═════ ENTRIES SUPPLIED ═════

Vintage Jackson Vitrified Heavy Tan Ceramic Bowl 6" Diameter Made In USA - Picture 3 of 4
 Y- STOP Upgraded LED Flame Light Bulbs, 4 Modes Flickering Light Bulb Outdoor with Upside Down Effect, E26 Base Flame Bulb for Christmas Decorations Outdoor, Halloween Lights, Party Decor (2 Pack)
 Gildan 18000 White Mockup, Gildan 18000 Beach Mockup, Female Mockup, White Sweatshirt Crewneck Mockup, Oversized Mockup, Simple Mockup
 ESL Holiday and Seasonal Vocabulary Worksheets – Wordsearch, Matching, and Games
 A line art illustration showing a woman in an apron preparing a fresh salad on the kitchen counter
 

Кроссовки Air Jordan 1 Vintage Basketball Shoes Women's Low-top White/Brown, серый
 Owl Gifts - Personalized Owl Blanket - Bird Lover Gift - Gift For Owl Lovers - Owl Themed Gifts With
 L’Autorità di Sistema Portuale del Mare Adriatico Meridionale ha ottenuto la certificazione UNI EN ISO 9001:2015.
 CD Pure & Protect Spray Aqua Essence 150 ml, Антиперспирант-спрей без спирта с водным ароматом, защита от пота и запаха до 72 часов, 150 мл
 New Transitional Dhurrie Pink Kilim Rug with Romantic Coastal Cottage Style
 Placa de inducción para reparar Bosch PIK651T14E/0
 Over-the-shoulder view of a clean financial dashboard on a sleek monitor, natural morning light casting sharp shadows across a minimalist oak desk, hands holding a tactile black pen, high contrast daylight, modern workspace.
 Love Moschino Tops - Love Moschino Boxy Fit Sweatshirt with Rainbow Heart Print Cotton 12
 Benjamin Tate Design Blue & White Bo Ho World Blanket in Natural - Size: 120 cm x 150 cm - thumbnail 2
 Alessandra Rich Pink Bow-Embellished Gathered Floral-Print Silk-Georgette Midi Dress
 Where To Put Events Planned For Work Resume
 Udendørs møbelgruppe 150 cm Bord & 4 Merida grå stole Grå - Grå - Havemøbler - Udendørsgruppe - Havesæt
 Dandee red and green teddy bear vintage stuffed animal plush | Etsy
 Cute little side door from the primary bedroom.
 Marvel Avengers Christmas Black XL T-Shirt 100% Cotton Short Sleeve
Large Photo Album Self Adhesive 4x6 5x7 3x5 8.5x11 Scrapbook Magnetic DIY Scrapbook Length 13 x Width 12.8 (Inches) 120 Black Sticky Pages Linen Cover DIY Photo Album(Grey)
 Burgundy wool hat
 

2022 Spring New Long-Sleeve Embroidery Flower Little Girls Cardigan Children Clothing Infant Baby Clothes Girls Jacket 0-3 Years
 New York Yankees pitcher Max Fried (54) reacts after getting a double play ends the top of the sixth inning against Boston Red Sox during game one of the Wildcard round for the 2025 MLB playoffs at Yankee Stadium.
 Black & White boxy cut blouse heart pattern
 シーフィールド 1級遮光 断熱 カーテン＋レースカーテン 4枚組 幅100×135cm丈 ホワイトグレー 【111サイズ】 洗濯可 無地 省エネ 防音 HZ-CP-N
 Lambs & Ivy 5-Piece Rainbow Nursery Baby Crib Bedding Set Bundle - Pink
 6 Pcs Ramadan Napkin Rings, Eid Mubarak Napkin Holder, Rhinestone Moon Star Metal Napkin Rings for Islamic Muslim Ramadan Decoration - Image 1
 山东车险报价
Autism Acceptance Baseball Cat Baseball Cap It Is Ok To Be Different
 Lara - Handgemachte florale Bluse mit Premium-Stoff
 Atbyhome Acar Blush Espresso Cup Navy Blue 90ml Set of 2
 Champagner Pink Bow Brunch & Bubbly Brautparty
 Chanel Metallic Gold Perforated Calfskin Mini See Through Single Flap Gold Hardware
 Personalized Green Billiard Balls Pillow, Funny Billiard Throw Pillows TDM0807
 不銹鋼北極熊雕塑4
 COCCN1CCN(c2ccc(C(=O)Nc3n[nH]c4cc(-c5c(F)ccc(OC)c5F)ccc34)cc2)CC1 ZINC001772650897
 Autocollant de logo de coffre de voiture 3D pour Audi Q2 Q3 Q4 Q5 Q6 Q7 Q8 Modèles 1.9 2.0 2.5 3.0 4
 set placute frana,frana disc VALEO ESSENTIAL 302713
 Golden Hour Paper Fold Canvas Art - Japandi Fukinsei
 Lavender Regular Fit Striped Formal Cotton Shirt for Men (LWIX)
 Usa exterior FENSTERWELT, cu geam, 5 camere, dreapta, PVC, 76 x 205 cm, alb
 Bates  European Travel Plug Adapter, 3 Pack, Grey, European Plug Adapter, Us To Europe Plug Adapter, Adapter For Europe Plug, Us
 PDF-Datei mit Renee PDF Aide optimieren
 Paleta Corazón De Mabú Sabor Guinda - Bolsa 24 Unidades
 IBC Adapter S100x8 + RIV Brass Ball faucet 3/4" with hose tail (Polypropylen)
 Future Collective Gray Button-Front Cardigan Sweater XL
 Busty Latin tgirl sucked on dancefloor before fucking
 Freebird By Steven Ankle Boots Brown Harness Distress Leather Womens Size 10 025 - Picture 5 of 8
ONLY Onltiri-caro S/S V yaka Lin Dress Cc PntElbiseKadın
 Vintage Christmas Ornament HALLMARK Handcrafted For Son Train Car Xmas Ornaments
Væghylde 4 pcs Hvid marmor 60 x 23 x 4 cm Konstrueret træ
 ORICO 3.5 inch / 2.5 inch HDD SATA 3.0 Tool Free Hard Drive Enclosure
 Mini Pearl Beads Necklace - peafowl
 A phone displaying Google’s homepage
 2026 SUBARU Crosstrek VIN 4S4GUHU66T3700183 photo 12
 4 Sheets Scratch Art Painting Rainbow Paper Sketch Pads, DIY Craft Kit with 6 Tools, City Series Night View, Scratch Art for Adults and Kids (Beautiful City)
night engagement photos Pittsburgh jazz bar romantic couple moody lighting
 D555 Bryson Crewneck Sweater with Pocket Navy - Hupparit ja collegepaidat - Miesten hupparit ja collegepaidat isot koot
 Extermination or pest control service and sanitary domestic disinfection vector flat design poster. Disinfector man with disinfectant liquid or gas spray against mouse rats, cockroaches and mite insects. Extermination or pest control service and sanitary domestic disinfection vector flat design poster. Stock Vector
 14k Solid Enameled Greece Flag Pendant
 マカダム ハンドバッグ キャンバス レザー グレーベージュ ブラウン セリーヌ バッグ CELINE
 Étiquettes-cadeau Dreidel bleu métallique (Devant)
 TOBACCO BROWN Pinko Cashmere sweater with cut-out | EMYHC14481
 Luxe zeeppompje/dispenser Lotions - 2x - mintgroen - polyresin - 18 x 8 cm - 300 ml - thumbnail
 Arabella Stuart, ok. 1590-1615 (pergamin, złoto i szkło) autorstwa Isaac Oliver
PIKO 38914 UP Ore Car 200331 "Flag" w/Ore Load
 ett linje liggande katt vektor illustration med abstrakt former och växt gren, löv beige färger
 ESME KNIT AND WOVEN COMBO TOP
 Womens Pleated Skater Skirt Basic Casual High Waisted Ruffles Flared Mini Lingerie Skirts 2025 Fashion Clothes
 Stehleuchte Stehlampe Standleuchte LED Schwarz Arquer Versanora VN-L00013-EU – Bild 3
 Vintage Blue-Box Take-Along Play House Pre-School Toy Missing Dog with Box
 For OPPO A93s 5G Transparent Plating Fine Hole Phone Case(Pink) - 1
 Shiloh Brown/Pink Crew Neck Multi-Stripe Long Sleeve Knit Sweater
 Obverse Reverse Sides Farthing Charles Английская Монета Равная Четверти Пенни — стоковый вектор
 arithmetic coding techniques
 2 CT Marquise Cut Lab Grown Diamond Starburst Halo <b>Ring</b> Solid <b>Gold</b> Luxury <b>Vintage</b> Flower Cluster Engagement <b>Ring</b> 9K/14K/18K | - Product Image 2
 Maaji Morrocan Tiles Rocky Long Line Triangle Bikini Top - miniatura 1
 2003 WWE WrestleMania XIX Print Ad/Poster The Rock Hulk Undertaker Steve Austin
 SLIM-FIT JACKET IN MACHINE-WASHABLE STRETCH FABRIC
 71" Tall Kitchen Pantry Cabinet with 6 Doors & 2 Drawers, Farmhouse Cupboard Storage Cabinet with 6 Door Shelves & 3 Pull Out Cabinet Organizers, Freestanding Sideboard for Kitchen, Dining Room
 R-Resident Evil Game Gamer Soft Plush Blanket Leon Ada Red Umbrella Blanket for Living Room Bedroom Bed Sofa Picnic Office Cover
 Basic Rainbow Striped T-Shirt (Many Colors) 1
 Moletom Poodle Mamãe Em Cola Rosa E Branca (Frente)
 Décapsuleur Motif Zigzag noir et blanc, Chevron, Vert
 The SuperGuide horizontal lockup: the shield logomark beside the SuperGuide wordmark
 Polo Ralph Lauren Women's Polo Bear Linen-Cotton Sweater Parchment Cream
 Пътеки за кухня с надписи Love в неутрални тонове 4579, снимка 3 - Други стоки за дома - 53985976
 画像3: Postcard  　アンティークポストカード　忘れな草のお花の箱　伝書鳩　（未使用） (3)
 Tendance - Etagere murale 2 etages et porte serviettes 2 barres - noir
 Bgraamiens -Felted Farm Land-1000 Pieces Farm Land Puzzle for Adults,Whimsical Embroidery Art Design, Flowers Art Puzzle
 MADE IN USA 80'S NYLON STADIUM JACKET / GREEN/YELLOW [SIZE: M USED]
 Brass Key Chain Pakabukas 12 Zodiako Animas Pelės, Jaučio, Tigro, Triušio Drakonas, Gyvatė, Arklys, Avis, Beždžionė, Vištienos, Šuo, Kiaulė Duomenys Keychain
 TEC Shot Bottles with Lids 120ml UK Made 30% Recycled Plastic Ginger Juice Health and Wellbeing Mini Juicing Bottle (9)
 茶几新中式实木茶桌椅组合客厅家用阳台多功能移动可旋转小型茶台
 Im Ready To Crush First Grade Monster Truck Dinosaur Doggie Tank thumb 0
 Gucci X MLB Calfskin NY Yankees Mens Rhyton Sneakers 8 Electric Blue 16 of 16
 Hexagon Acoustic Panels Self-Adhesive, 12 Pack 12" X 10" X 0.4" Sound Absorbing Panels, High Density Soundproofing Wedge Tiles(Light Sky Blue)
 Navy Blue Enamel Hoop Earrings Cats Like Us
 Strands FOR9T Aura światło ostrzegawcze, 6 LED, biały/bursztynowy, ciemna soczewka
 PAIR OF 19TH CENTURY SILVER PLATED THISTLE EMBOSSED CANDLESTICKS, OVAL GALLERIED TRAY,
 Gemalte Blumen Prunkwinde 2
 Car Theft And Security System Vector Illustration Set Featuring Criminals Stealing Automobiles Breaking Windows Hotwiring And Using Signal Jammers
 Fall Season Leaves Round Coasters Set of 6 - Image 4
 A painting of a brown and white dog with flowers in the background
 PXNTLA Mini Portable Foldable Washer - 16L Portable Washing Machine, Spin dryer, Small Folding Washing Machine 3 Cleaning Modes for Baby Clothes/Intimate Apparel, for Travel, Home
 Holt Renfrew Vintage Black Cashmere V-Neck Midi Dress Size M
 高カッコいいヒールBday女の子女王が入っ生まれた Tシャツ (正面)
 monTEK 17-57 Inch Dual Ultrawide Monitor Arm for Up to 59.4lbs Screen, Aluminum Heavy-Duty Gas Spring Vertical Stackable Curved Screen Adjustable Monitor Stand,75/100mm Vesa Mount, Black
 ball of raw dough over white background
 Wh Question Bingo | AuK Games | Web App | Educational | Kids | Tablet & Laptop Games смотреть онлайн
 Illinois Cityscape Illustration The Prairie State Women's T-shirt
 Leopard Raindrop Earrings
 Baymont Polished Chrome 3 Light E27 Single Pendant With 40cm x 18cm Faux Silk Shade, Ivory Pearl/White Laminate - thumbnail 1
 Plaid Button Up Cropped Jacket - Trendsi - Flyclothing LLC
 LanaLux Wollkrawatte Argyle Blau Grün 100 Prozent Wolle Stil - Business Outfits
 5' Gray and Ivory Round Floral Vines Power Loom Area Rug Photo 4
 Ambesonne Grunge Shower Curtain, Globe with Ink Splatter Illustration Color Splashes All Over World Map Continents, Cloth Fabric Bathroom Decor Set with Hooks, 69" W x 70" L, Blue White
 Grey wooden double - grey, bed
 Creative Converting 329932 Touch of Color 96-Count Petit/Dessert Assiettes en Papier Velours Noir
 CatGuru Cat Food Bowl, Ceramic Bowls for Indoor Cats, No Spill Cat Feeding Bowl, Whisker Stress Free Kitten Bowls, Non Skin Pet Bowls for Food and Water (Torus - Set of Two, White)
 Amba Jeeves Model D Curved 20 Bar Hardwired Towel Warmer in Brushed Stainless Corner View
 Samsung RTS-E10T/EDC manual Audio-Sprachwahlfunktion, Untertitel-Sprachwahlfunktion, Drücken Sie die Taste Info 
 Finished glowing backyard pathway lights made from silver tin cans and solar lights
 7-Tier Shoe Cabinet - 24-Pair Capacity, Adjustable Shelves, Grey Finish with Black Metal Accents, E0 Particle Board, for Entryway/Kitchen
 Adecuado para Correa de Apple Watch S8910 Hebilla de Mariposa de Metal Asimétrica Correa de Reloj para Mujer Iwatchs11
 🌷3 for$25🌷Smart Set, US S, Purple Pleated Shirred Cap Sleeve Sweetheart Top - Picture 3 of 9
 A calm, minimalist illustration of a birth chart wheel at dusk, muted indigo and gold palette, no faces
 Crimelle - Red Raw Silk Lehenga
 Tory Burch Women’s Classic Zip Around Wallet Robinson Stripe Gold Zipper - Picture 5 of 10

═════

§ WORK ITEM
Search the records above for the string "Sleeve" and copy each line that holds it.

§ SOLUTION
 Marvel Avengers Christmas Black XL T-Shirt 100% Cotton Short Sleeve
2022 Spring New Long-Sleeve Embroidery Flower Little Girls Cardigan Children Clothing Infant Baby Clothes Girls Jacket 0-3 Years
 Shiloh Brown/Pink Crew Neck Multi-Stripe Long Sleeve Knit Sweater
 🌷3 for$25🌷Smart Set, US S, Purple Pleated Shirred Cap Sleeve Sweetheart Top - Picture 3 of 9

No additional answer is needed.